Ma mère m’assurait du fait que personne dans la famille « n’avait fait quelque chose » ou « ne savait ce qu’il se passait ». Mon père était dans la jeunesse hitlérienne – certes – mais ça c’est autre chose…Et puis, elle n’avait que huit ans à la fin de la guerre. Les enfants ne comprennent pas ces choses-là.
Mon père n’a jamais voulu parler du passé.
Au fond je pense que je n’ai jamais vraiment posé de questions.
Cela résume assez bien notre relation : douloureuse et muette.
Étrangement ce sont ses mots qui ont tout bouleversé. Après sa mort apparaît un petit cahier rouge. « 1945 », ces chiffres avaient été gravés vigoureusement à la main dans la reliure en cuir. Je pense savoir pourquoi. Il n’y avait tout simplement pas suffisamment de place dans ce petit agenda pour exprimer tous ses sentiments.
Il s’agit du journal de guerre d’un soldat lambda de dix-huit ans qui réalise soudain, le 8 mai 1945, qu’il fait partie des méchants. Pire encore : qu’il n’a jamais fait partie des bons. C’est le journal d’un jeune homme qui se rend brusquement compte de la naïveté dont il a fait preuve en acceptant tous ces mensonges sans jamais les avoir questionnés.

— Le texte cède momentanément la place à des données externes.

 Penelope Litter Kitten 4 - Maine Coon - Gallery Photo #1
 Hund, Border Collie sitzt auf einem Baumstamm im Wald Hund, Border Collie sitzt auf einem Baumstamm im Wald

Ce carnet n’est pas une tentative de rédemption ou un travail de mémoire ; c’est l’histoire d’une survie. L’histoire d’un jeune prisonnier de guerre, de deux tentatives de fuites, dont une réussie, et d’une longue et périlleuse marche à pied depuis l'Hongrie jusqu’à Hambourg.
Le texte est presque illisible. Presque trop pragmatique. Presque décevant. Je suis néanmoins ravie de ne retrouver aucune trace de l’allemand nazi – ce langage violent par lequel il a été bombardé toute sa vie : Führer adoré, Guerre juste, espace vital légitime, race suprême, souillure raciale, victoire ultime…
Au contraire, je ne retrouve que de la camaraderie. Ce garçon inconnu m’intrigue. Je dois en savoir plus. Je commence alors à enquêter, à poser des questions. Toutes ces questions qui n’avaient pas été posées, qui nous obsèdes et que nous devons nous poser encore aujourd’hui. Le présent devient si rapidement le passé. Puis brusquement, nous pensons pouvoir juger, être plus sages et déterminer ce qui est juste et ce qui ne l’est pas.
Ce travail n’excuse rien ni personne. « Vaterland » est une tentative artistique de montrer un passé alternatif dans une réalité parallèle. Ce travail n’est rien d'autre qu’un travail personnel de réconciliation avec mon père et l’Histoire allemande.